A few of the other EU countries might be less insistent on free movement, but all have axes to grind: contributions to the EU budget, the City of London’s rights and obligations, Ireland’s border with Northern Ireland, sovereignty over Gibraltar, fisheries, farming, shipping, power plant subsidies, access to universities, the rights of Britons living in the EU, the rights of EU citizens living in Britain, and on and on.
Many EU governments want Britain to clarify its position -- and they have a point. The U.K. can’t expect to be treated as a fully committed member of the union any longer. Its status as a soon-to-be non-member should be formally recognized without further delay. But two years from that point will not be time enough to settle on the design of a long-term relationship.
The way forward is to unlink those two things: First, exit.
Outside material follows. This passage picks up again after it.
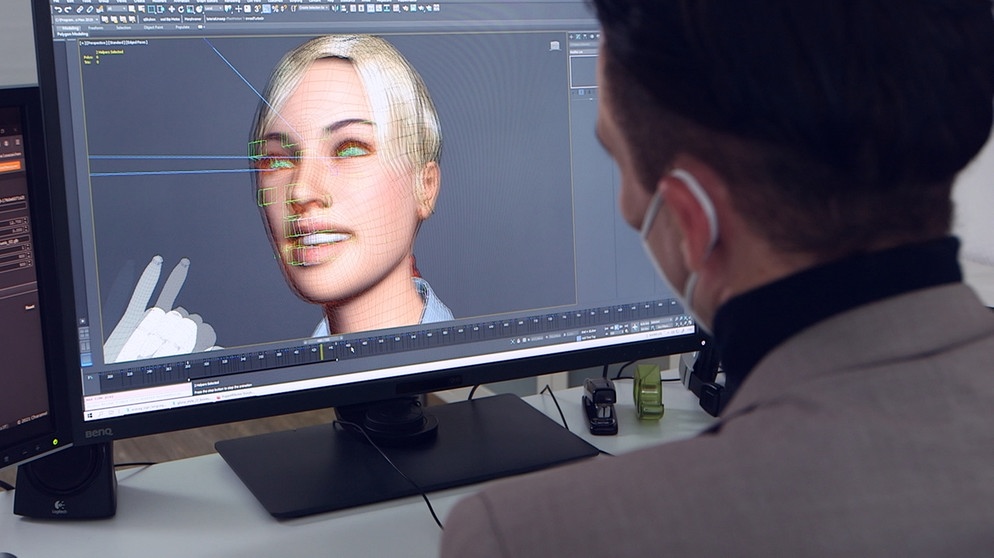 Digitale Teilhabe durch Künstliche Intelligenz | Bildquelle: BR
Later, settle on a long-term relationship. And in between, conduct a transition on no fixed timetable that temporarily preserves most of the rights and reciprocal obligations of EU membership. To be sure, this approach wouldn’t bridge the gaps between Britain and the EU-27, or make an extraordinarily complex separation any simpler. But it would at least allow for a more orderly discussion, which is in everybody’s interests.
Equally important, it would allow for clarity on the key point -- and soon. Britain and Europe can agree that Britain will quit the EU in short order, without rushing a negotiation that will take time to get right.